Sherlock’s a witness at Moriarty’s trial, managing to get himself banged up for contempt of court, a predictable outcome despite John urging him not to be himself. The real surprise (well, perhaps not) is that Moriarty is acquitted, after sending death threats to all the jurors through their hotel televisions. All of which he cheerfully admits to Sherlock, when visiting Baker Street for tea afterwards. So it’s game on to solve “the final problem,” as he proceeds to cast doubt on Sherlock’s genius, honesty, and even whether there is such a person as Jim Moriarty. As opposed to Richard Brook, an actor hired for the occasion to stand trial in place of this character who Sherlock has invented. In short, he has both committed and solved the crimes written up by John, using “Moriarty” as a scapegoat.
And it works. Everyone is convinced except for the only people Sherlock can call friends – John, Mrs Hudson, Lestrade, and Molly, who carries such a torch for him it could light up the sky at midnight. It would be nice to include Mycroft in this list of friends, but he is fatally compromised both by family history and a recent disclosure of Sherlock’s life story to Moriarty. Done with the best of intentions, to get information in return about the supposed computer key code Moriarty possesses, which can be used to break into any computer system. In so doing, Mycroft gives Moriarty all the genuine information he needs to buttress the Big Lie, and make it thoroughly convincing through Richard Brook’s tell-all story in (what else?) the scumbag Sun.
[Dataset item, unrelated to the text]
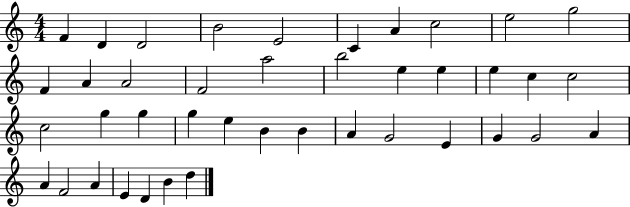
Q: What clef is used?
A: treble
With Sherlock on the run from Scotland Yard, it comes down to a battle of will and intellect with Moriarty on the roof of St Bartholomew’s Hospital, where Molly works. Knowing he is marked for death, Sherlock has already asked Molly for help. “What do you want?” “You.” Not only is Sherlock in danger, so are John, Mrs Hudson, and Lestrade, targeted by assassins in case Sherlock will not enact the punchline to Moriarty’s fiction of a disgraced, fraudulent detective who commits suicide.
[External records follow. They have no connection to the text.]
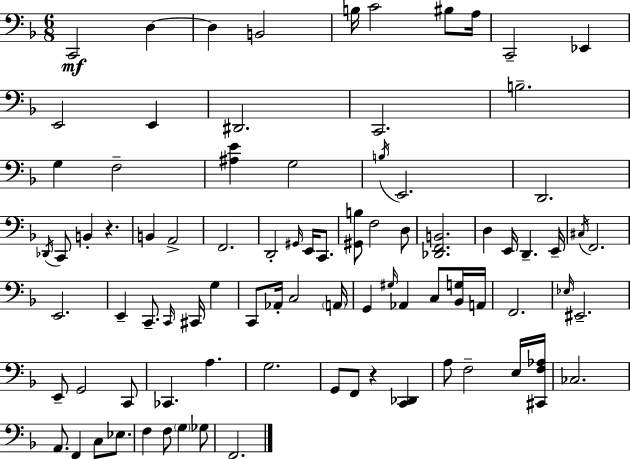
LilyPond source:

{
  \clef bass
  \numericTimeSignature
  \time 6/8
  \key f \major
  c,2\mf d4~~ | d4 b,2 | b16 c'2 bis8 a16 | c,2-- ees,4 | \break e,2 e,4 | dis,2. | c,2. | b2.-- | \break g4 f2-- | <ais e'>4 g2 | \acciaccatura { b16 } e,2. | d,2. | \break \acciaccatura { des,16 } c,8 b,4-. r4. | b,4 a,2-> | f,2. | d,2-. \grace { gis,16 } e,16 | \break c,8. <gis, b>8 f2 | d8 <des, f, b,>2. | d4 e,16 d,4.-- | e,16-- \acciaccatura { cis16 } f,2. | \break e,2. | e,4-- c,8.-- \grace { c,16 } | cis,16 g4 c,8 aes,16-. c2 | \parenthesize a,16 g,4 \grace { gis16 } aes,4 | \break c8 <bes, g>16 a,16 f,2. | \grace { ees16 } eis,2.-- | e,8-- g,2 | c,8 ces,4. | \break a4. g2. | g,8 f,8 r4 | <c, des,>4 a8 f2-- | e16 <cis, f aes>16 ces2. | \break a,8. f,4 | c8 ees8. f4 f8 | \parenthesize g4 ges8 f,2. | \bar "|."
}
The final problem, it turns out, is staying alive when only intellectual challenge can make life worth living. Hence the endless need for distraction, which has turned Moriarty to crime and Sherlock to detection. They are two sides of the same coin. As Moriarty says, “You’re me,” in an epiphany that still allows him to blow his brains out rather than allow Sherlock to win by finding out the recall code for the assassins aiming at his friends.
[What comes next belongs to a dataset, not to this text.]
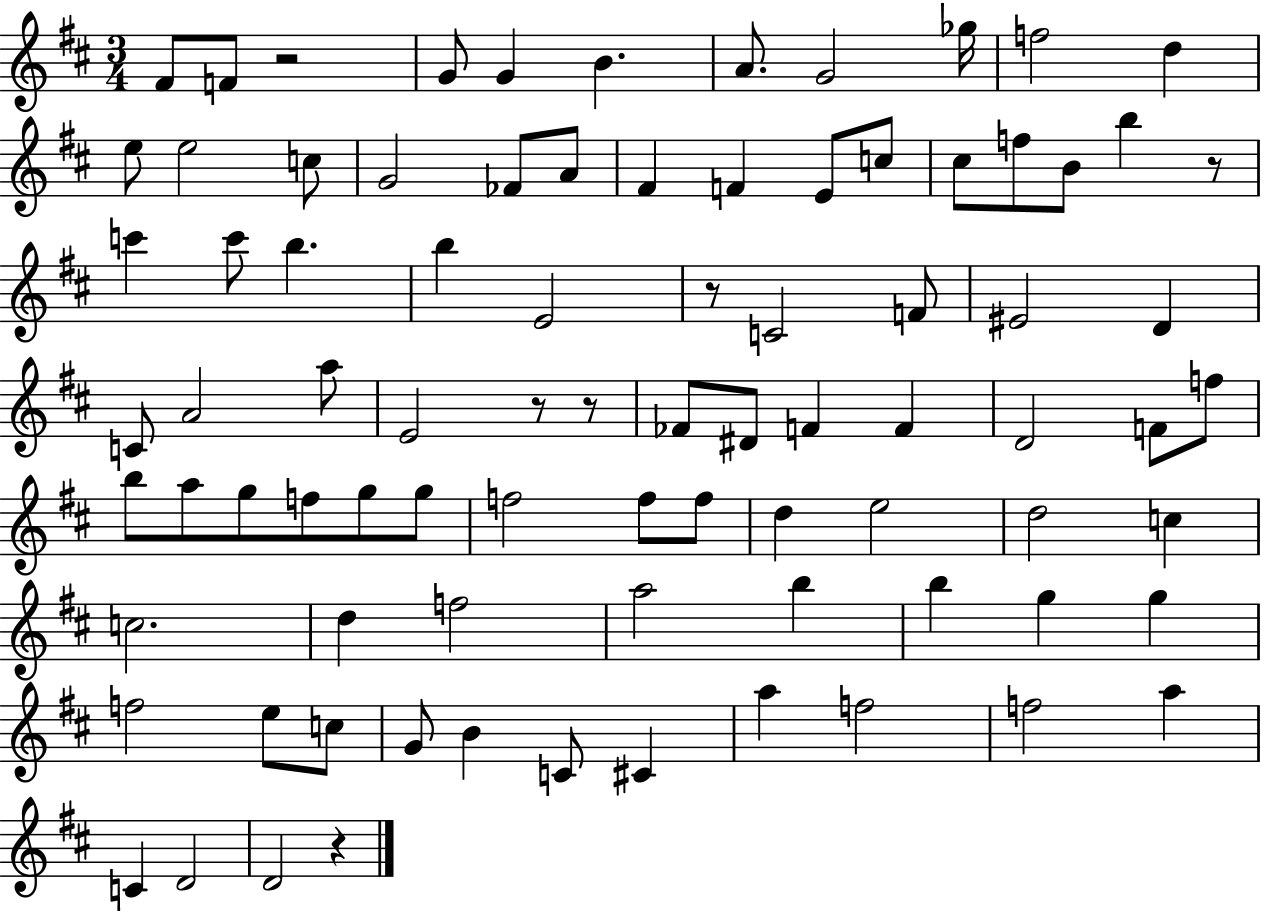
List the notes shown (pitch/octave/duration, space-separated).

So Sherlock has to decide whether to jump from the roof or allow them to die. He chooses to jump and, when John appears in the street below, chooses to own the story constructed by Moriarty, rather than endanger them. This is above and beyond Conan Doyle’s Holmes, who dies a hero and saviour of his country. Sherlock demonstrates extraordinary heroism in destroying his life’s work to protect his friends.
Of course he doesn’t die. Quite how, I don’t know. Obviously, John being knocked down by the bike was part of a plan to prevent him seeing the body with all his faculties intact. As a doctor, he might have spotted something wrong with the situation. We know Sherlock had arranged a contingency plan with Molly. Again, what it was we don’t know. Someone else certainly got buried in Sherlock’s place. But how would he survive the fall? No doubt we’ll find out in the next series.
We learned a lot about John and Sherlock in this episode. John’s affection for his friend is deep and heartfelt, as shown by the opening scene at the therapist’s office, and his inability to tell her at the end about “the stuff you wanted to say, but didn’t.” It does come out at the grave, when he gets a chance to talk to Sherlock alone. “I was so alone and I owe you so much…Don’t be dead.” That awkward pat of the gravestone, as if it were his friend’s shoulder, was incredibly moving. Then marching off, heartbroken.
As for Sherlock, he knows he has friends, and is prepared to sacrifice everything for their safety. Definitely a hero, as John called him earlier, as well as an annoying dick.
I’m really chuffed there’s going to a third series.